In the part token from the documentation, claiming that "the input HTML file and its resources, along with the input data", could you please precise what is the "input data"? thank you.

I still have an imbeguity whith the definition of the json field (precised in the beginning of the initial question) saying that :

the source collateral must include a script element such as:
<script src='./json.js' type='text/javascript'></script>

where exactly have I to write this line of code? I don't get where.

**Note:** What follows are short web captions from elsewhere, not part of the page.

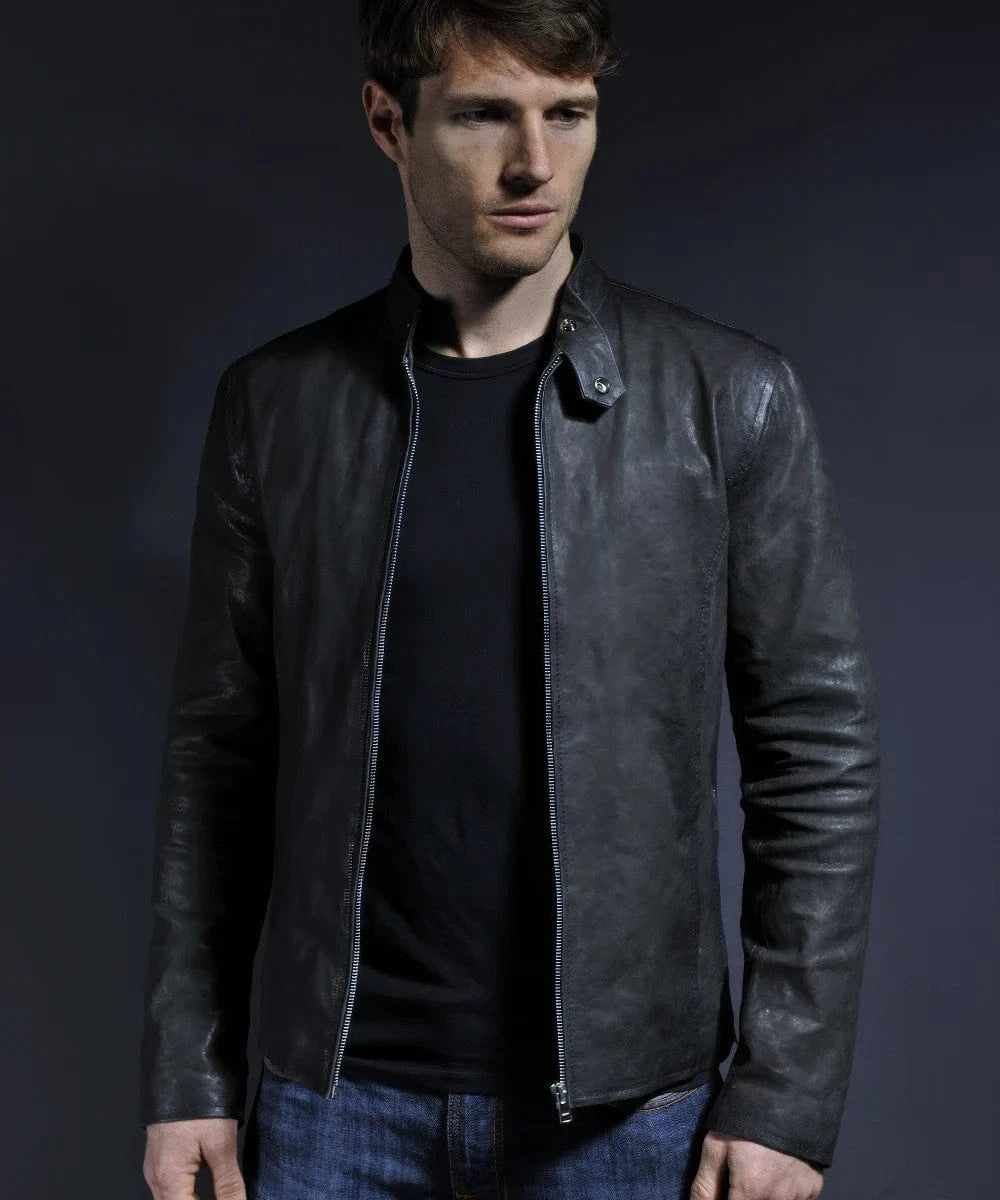 Model wearing vintage style grey leather cafe racer jacket for men with slim fit 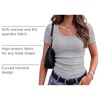 Zeagoo Womens Tops Short Sleeve Rib Knit Basic Tee Scoop Neck Fitted Shirt(Light Grey)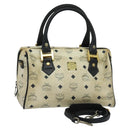 MCM Logogram Vicetos Hand Bag PVC Leather 2way White Gold Auth BA2592-1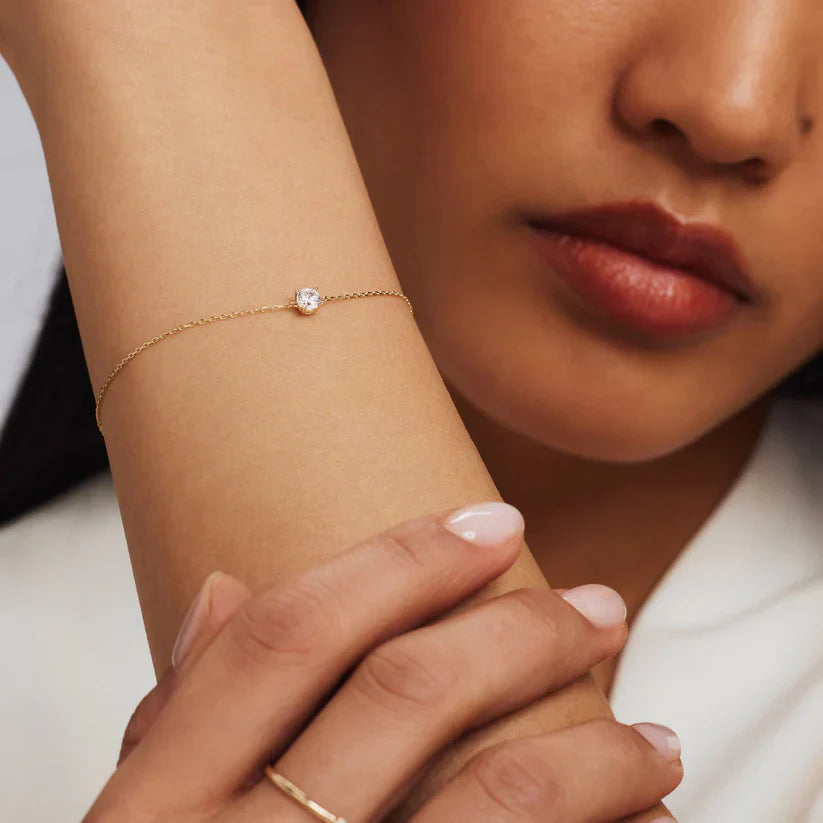 Bracelet avec Pierre de Moisanite Cléa | Or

I seek to understand this because the example given in the documentation is as follows:

{
  "cpf:engine": {
    "repo:assetId": "urn:aaid:cpf:Service-e2ee120a2b06427cb449592f5db967e7"
  },
  "cpf:inputs": {
    "params": {
      "cpf:inline": {
        "json": "[\"a\": \"b\"]",
        "print": {
          "includeHeaderFooter": true
        },
        "pageLayout": {
          "pageWidth": 11,
          "pageHeight": 8.5
        }
      }
    },
    "documentIn": {
      "dc:format": "application/zip",
      "cpf:location": "multipartLabel"
    }
  },
  "cpf:outputs": {
    "documentOut": {
      "dc:format": "application/pdf",
      "cpf:location": "multipartLabelOut"
    }
  }
}

with the json field as follows: "json": "[\"a\": \"b\"]"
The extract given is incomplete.